WHAT THE EXERCISE ASKS — With the pictures left aside, write out exactly the lines of the listing below from the line with "BMW 3 and 4" to the line with "Babyblöjor Sensitive storlek", both included, and only those.
+++++
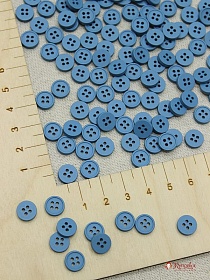 Пуговица пластмасса, цв.пыльный бирюзово-голубой, 8мм, 4 отверстия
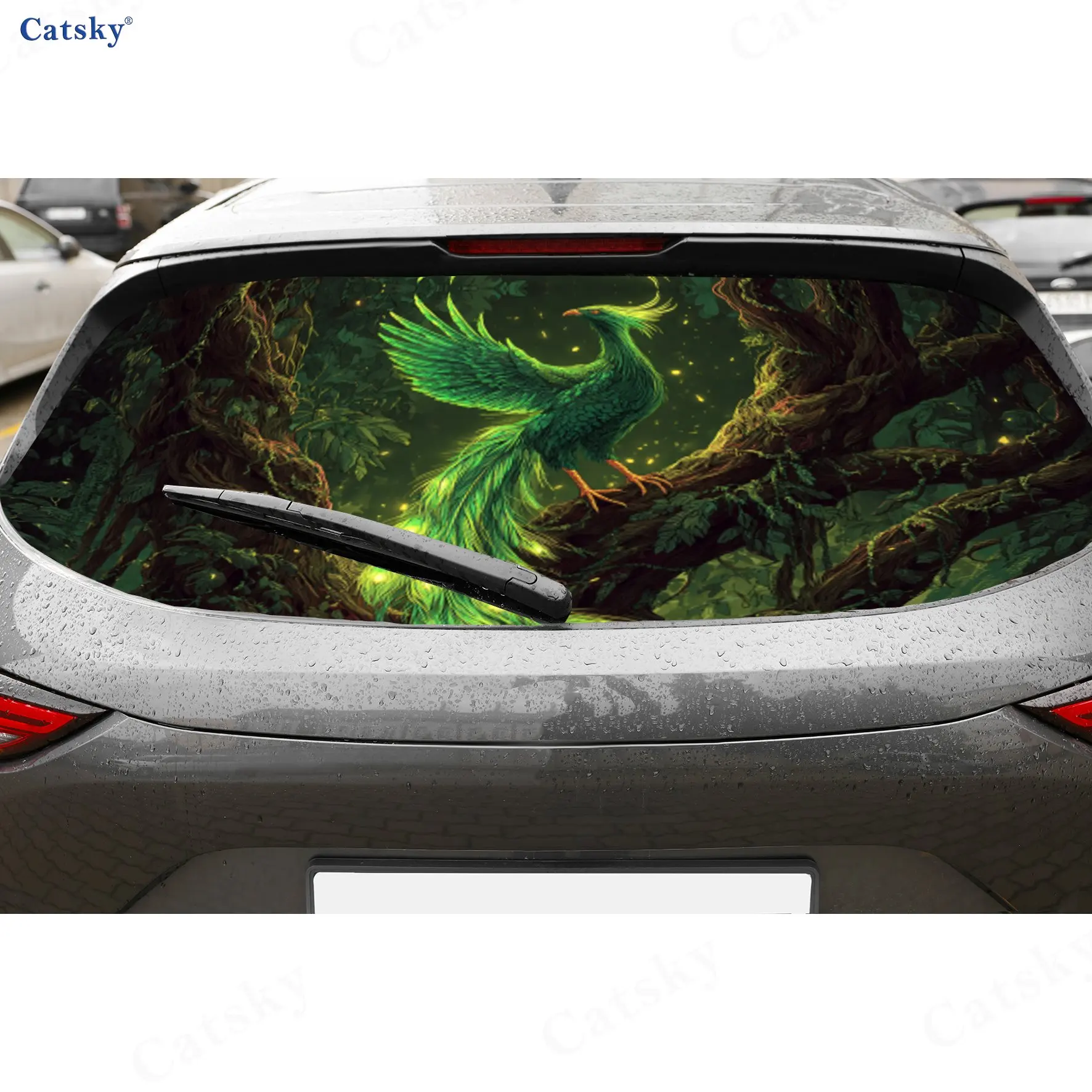 Forest Green Phoenix PVC Perforated Car Vinyl Wraps, Durable Car Rear Windshield Sticker, Waterproof Car Rear Window Decal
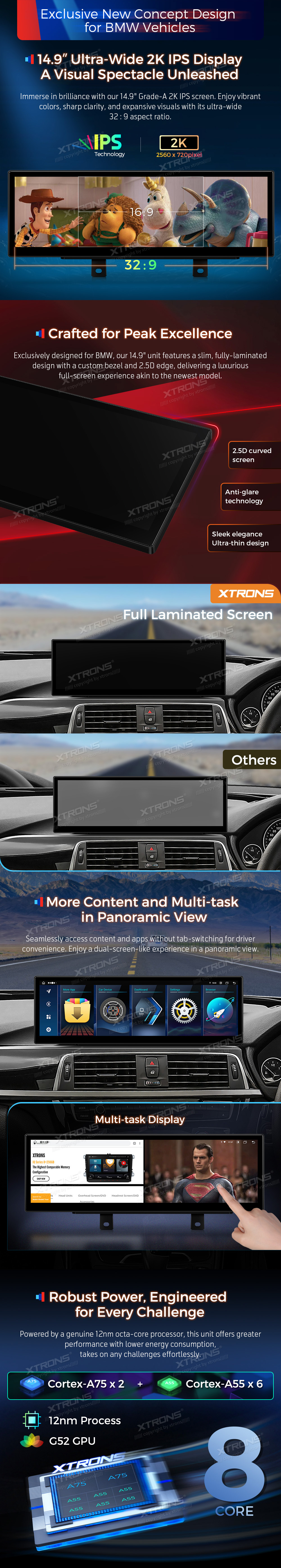 BMW 3 and 4 Series 14.9 Inch Android Head Unit with Wireless CarPlay and Android Auto | QLBH44THNBR3: XTRONS specification poster 2 of 6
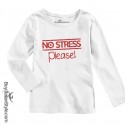 Maglia bimba con stampa glitter "NO STRESS PLEASE"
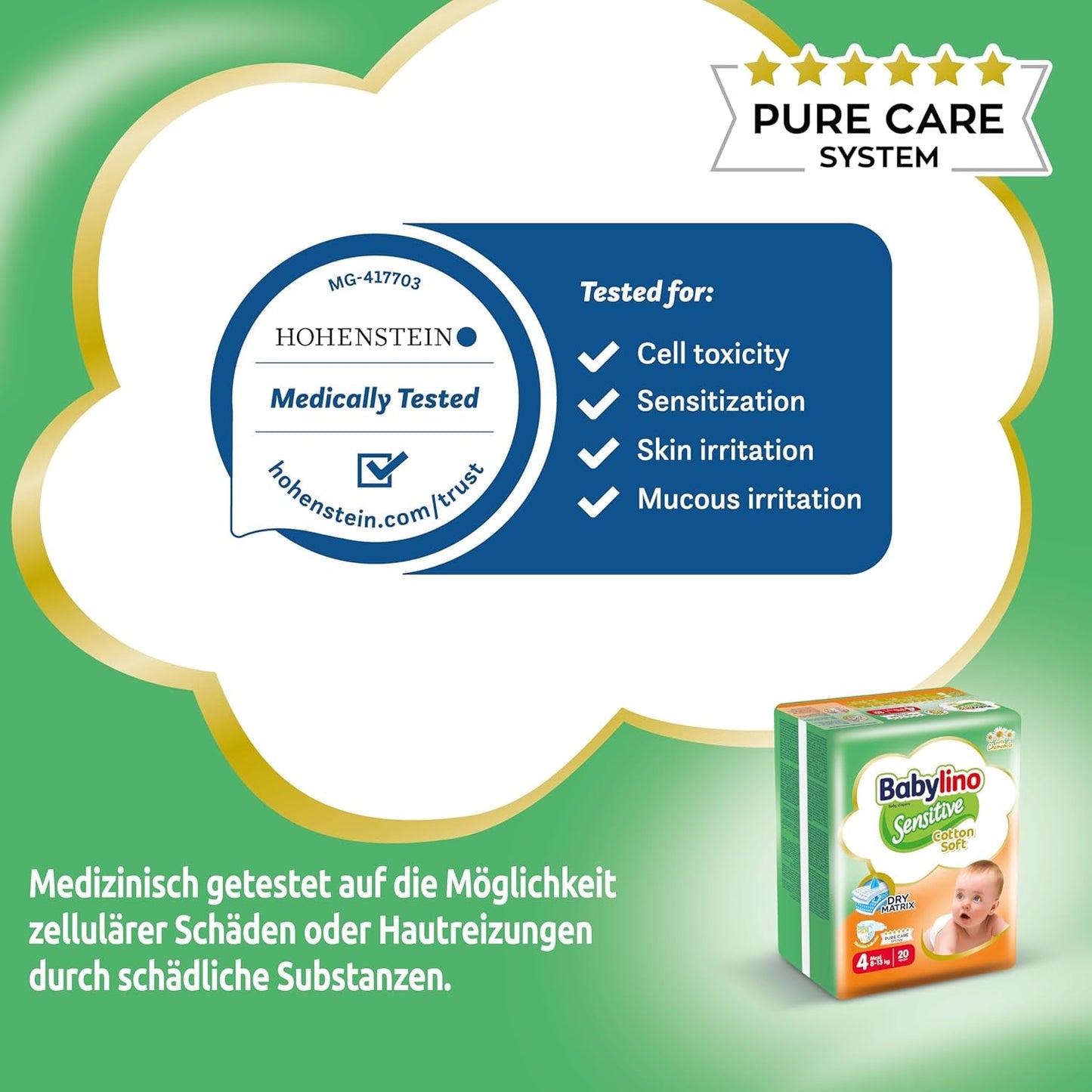 Babyblöjor Sensitive storlek 4, Maxi (8-13 kg), 20 st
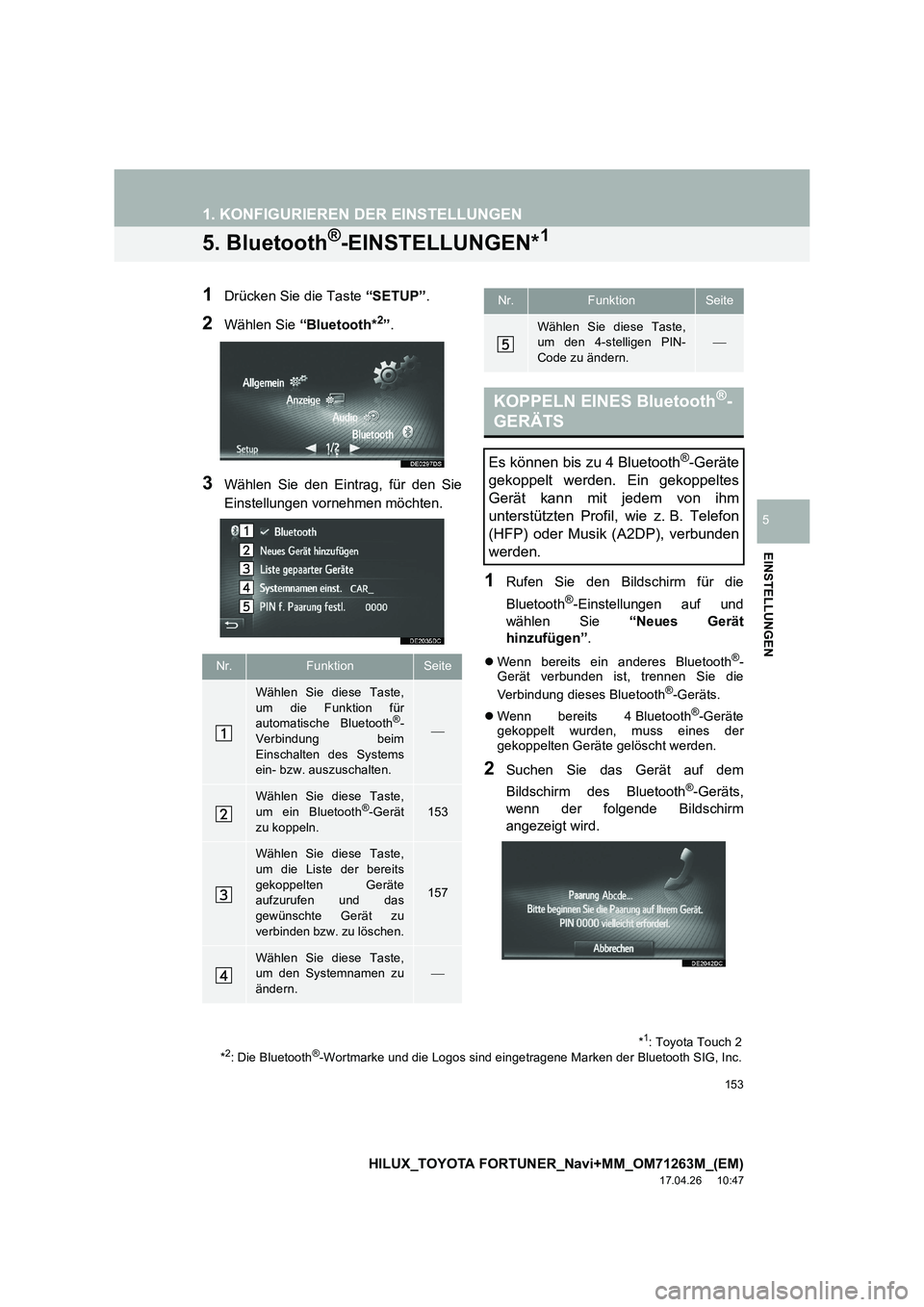 TOYOTA HILUX 2020 Betriebsanleitungen (in German) 153
1. KONFIGURIEREN DER EINSTELLUNGEN
HILUX_TOYOTA FORTUNER_Navi+MM_OM71263M_(EM)
17.04.26 10:47
EINSTELLUNGEN
5
5. Bluetooth®-EINSTELLUNGEN*1
1Drücken Sie die Taste “SETUP”.
2Wählen Sie TOYOTA HILUX 2020 Betriebsanleitungen (in German) 153
1. KONFIGURIEREN DER EINSTELLUNGEN
HILUX_TOYOTA FORTUNER_Navi+MM_OM71263M_(EM)
17.04.26 10:47
EINSTELLUNGEN
5
5. Bluetooth®-EINSTELLUNGEN*1
1Drücken Sie die Taste “SETUP”.
2Wählen Sie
+++++
WRITTEN RESPONSE —
 BMW 3 and 4 Series 14.9 Inch Android Head Unit with Wireless CarPlay and Android Auto | QLBH44THNBR3: XTRONS specification poster 2 of 6
 Maglia bimba con stampa glitter "NO STRESS PLEASE"
 Babyblöjor Sensitive storlek 4, Maxi (8-13 kg), 20 st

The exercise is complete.